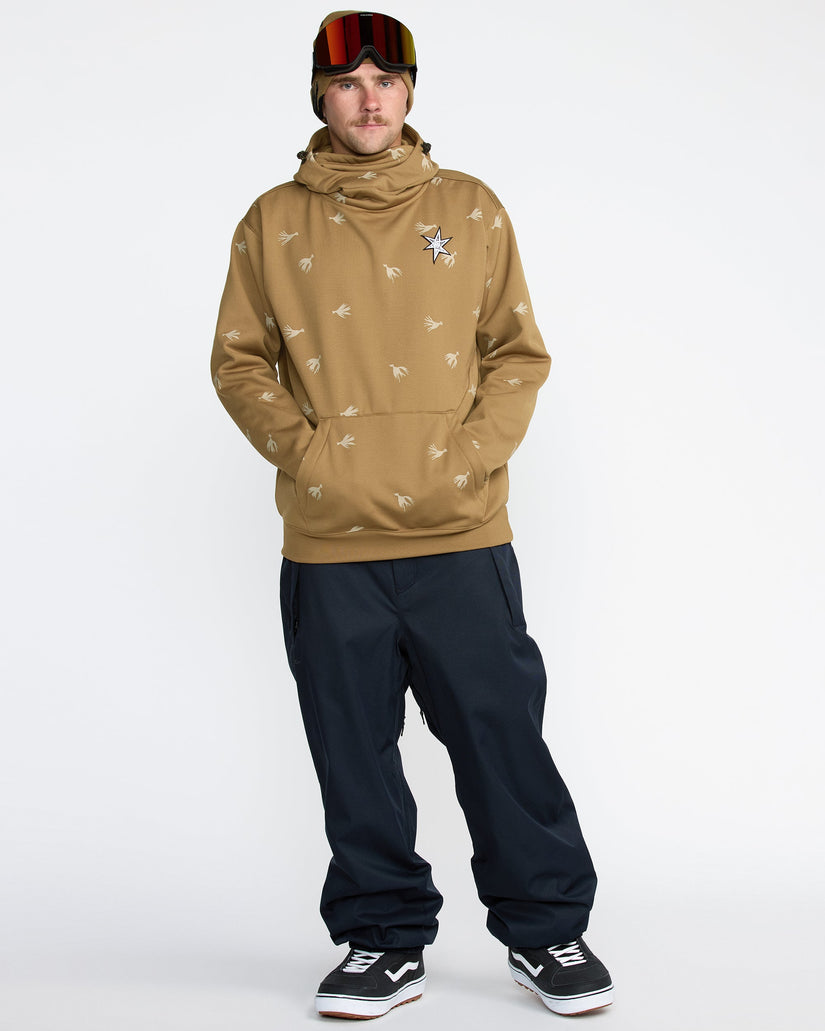 Hydro Riding Kapuzenpullover - Bronze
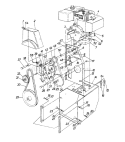Part Location Diagram of 784-5568A-0637 Husky HKY PART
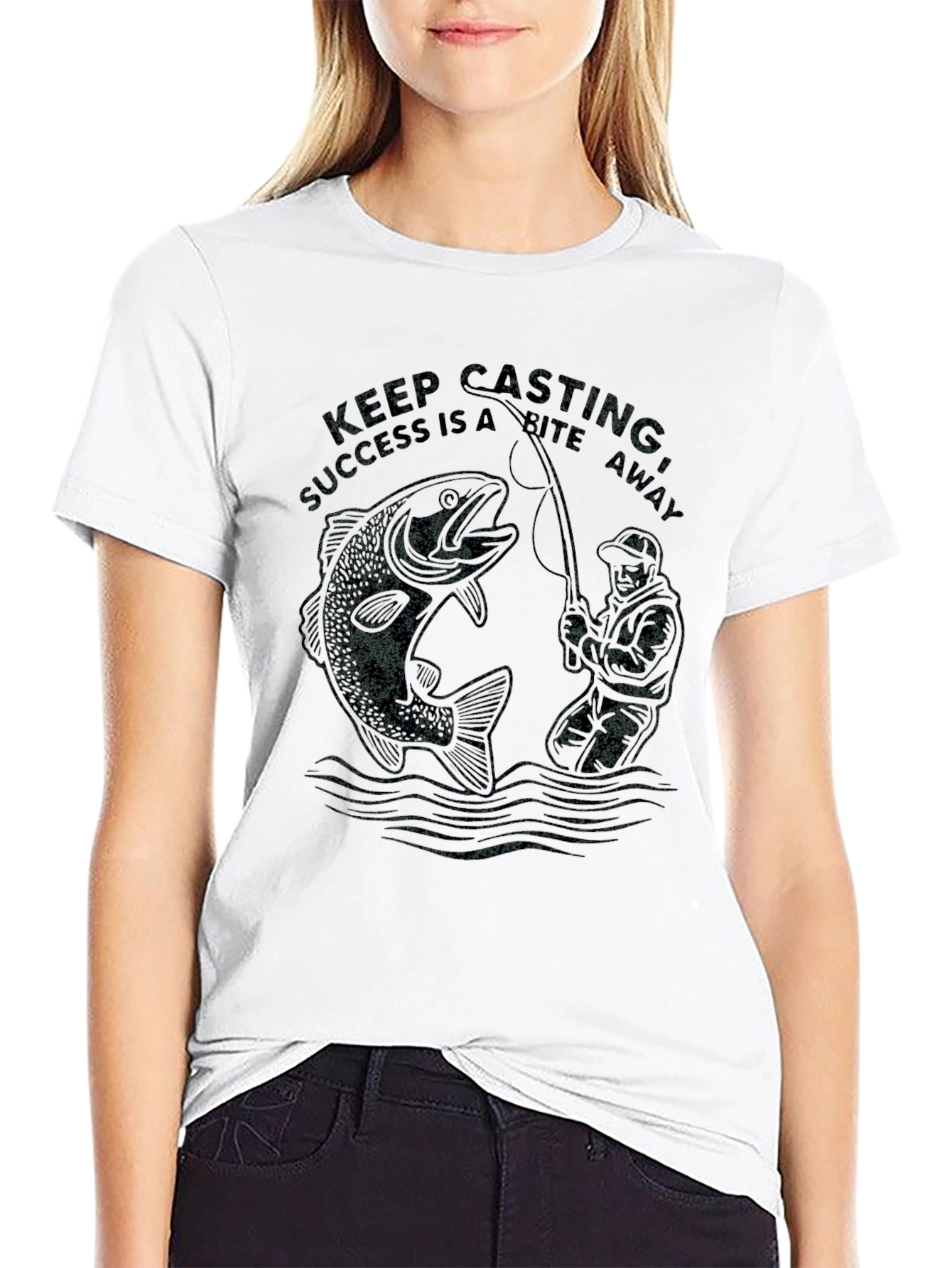 Keep Casting T-Shirt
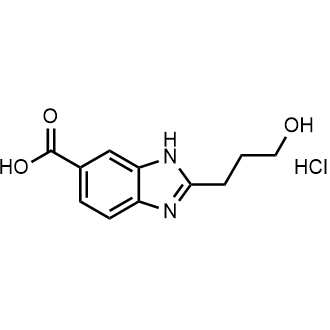 2-(3-Hydroxypropyl)-1H-benzo[d]imidazole-5-carboxylic acid hydrochloride|CS-0728087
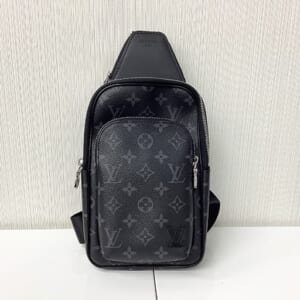 ルイヴィトン モノグラムエクリプス アヴェニュースリングバッグPM M47137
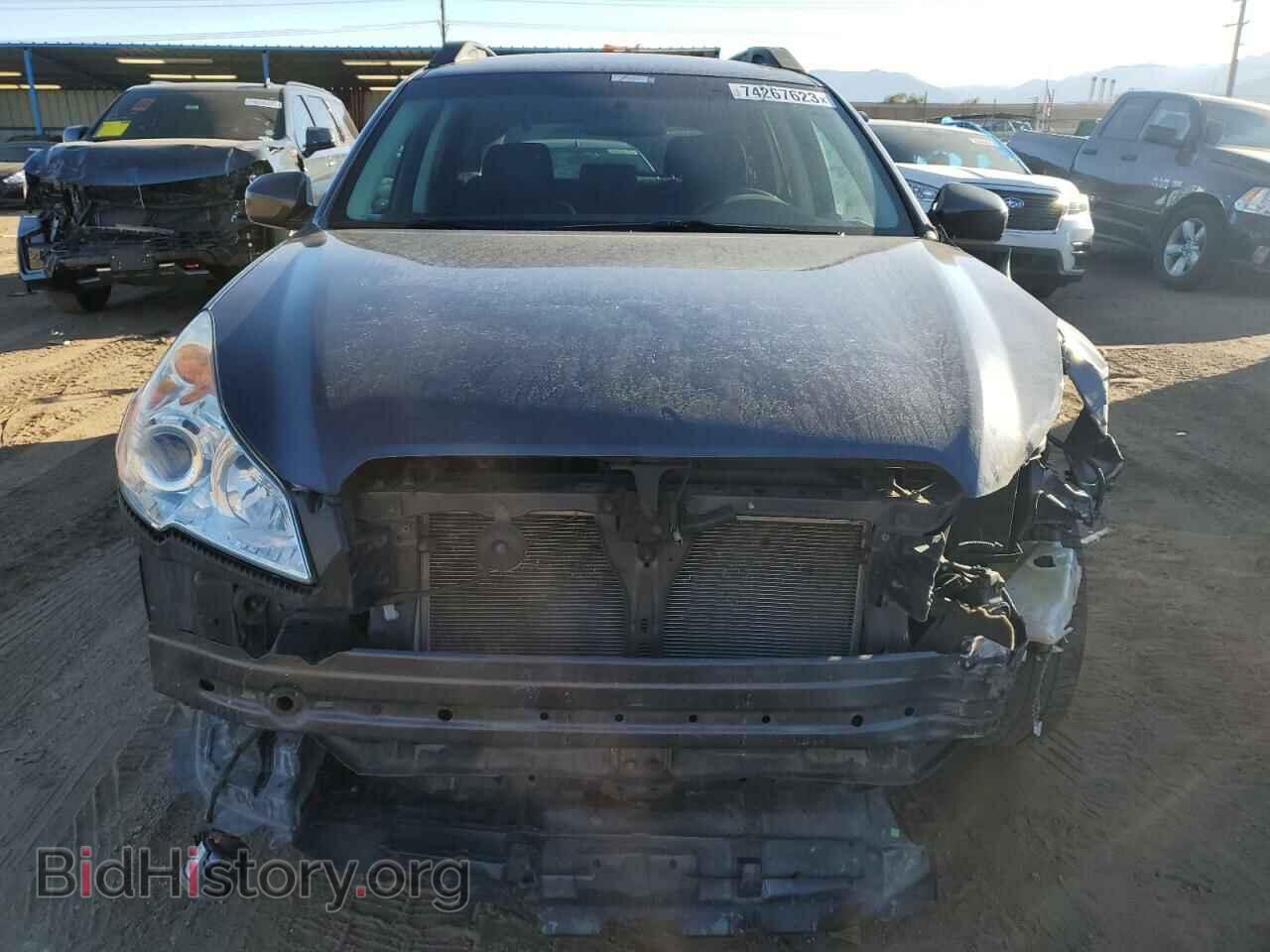 2011 SUBARU OUTBACK - VIN: 4S4BRBCC9B3384213 - Фото 5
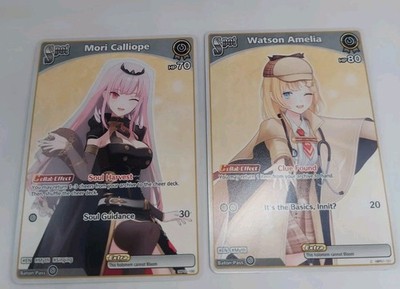 Hololive OCG (EN) - Amelia Watson + Mori Caliope - Blooming Radiance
----
Exercise brief: After removing the pictures, restate the whole listing above word for word.

Answer to the exercise:
 Hydro Riding Kapuzenpullover - Bronze
Part Location Diagram of 784-5568A-0637 Husky HKY PART
 Keep Casting T-Shirt
 2-(3-Hydroxypropyl)-1H-benzo[d]imidazole-5-carboxylic acid hydrochloride|CS-0728087
 ルイヴィトン モノグラムエクリプス アヴェニュースリングバッグPM M47137
 2011 SUBARU OUTBACK - VIN: 4S4BRBCC9B3384213 - Фото 5
 Hololive OCG (EN) - Amelia Watson + Mori Caliope - Blooming Radiance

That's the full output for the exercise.